Bartók: Ten Easy Pieces, Sz. 39

performed by Andreas Bach, or below by someone

(entire playlist for the work here)

(cover image by Aaron Blanco Tejedor)

Back to Bartók.

And to folk music, sort of.

Bartók’s collection of Ten Easy Pieces (or Tíz könnyű zongoradarab, in Hungarian) dates from 1908, just a year or so after the piece we discussed yesterday. It was originally to be a set of ‘Eleven Piano Recital Pieces’…. and then there were ten. The composer moved one to be part of what eventually became his Fourteen Bagatelles.

This did create a small problem for him, with this Sz. 39 down to only ten pieces. He had a contractual obligation to his publisher for eleven pieces, so a ‘dedication’ at the beginning of the work fulfills this. It is, in fact, in Andreas Bach’s recording, by far the longest of the set, but is sparse to say the least. The ten pieces (plus dedication) are as follows:

  • Dedication
  • 1. Peasant Song
  • 2. Frustration
  • 3. Slovakian Boys’ Dance
  • 4. Sostenuto
  • 5. Evening in Transylvania
  • 6. Hungarian Folksong
  • 7. Dawn
  • 8. Slovakian Folksong
  • 9. Five-Finger Exercise
  • 10. Bear Dance

Unlike the set of bagatelles, which do present technical challenges, this set of ‘easy pieces’ was meant to be easy. Wikipedia says:

this set was planned to serve as an easy contemporary preparation for students. It is, indeed, being used in the intermediate piano repertoire, together with his other set of short pieces, For Children.

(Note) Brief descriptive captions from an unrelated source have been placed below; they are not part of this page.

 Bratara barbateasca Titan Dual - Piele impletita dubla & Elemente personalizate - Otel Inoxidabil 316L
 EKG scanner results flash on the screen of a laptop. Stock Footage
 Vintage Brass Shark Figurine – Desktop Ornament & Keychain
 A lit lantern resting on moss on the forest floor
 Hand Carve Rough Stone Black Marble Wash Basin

Wiki also mentions, though you likely don’t need to read it to pick up on it (I made a note of it here in front of me while listening) that aside from the composer’s love of folk tunes, the other influences that seems to stand out here is a likeness to Debussy. It’s clearly not Debussy, obviously, but there are color and texture elements that really bring the Famous Frenchman to mind.

So actually, I’ve mentioned folk music a number of times already, but only no’s 3, 6, and 8 are actually based on preexisting folk tunes. In addition to that, Bartók makes use of pentatonic scales, modes like we heard from him yesterday, as well as “novel  harmonies, and ostinato.”

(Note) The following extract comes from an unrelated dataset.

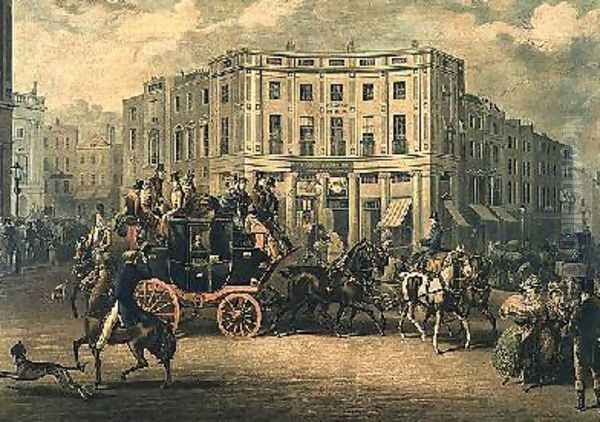 The Age Brighton Coach at the Bull and Mouth Regent Circus Oil Painting by E. F. Lambert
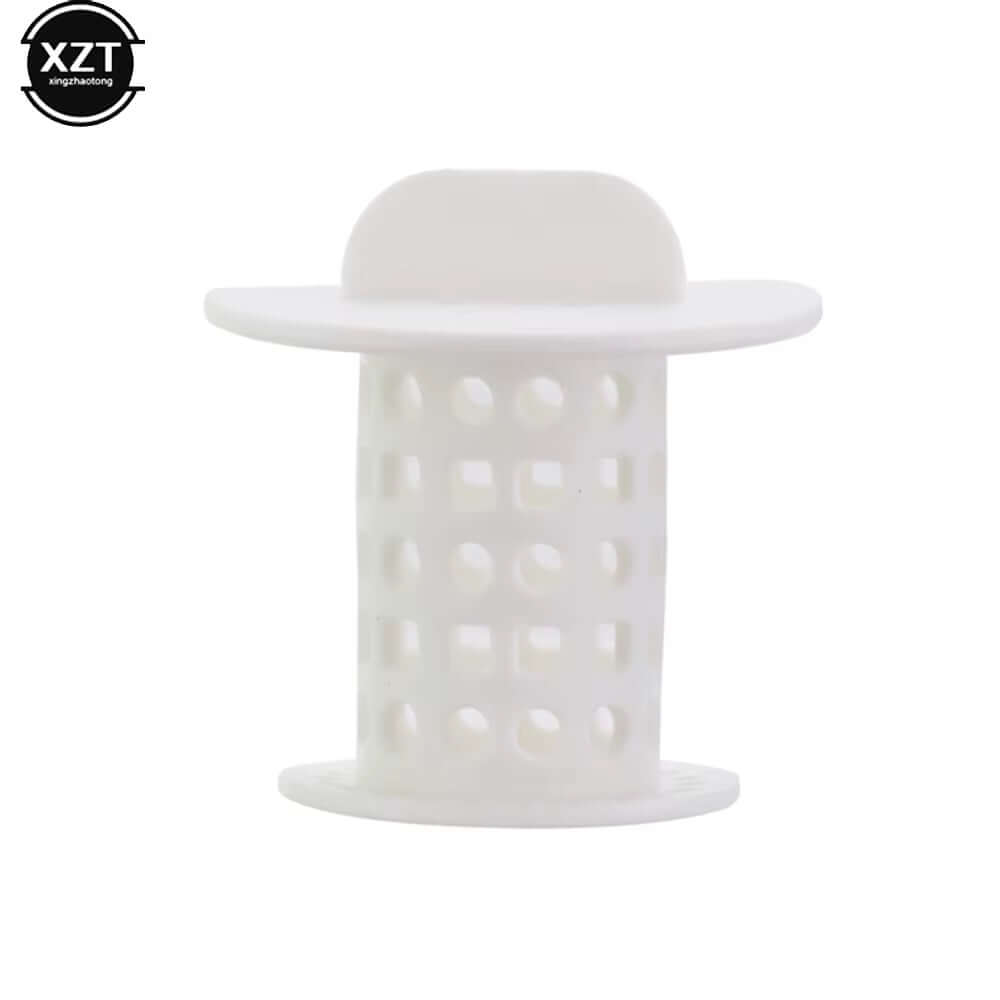 1PC white versatile bathroom drain hair catcher and stopper with a round design and grid pattern, ideal for preventing clogging.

The dedication presents a pretty simple musical idea, but is again the longest of the set. The peasant song sounds almost gothic. It’s entirely in unison, so it has a kind of chant-like quality to it. Even I could play this probably, maybe even sight-read it.

The second is listed above as ‘Frustration,’ but in the album as ‘Painful Wrestling,’ an alternative title. In either case, the sense of struggle, or pain, is real, not extravagant, but real, and comes to a satisfying little conclusion.

The first even slightly light thing we’ve come across, the Slovakian dance of no. 3, is one of the few uses of a folk tune, although I don’t know it. The Sostenuto sounds at first maybe like Debussy, but has the melancholy of something more like Schoenberg, and is rather chromatic.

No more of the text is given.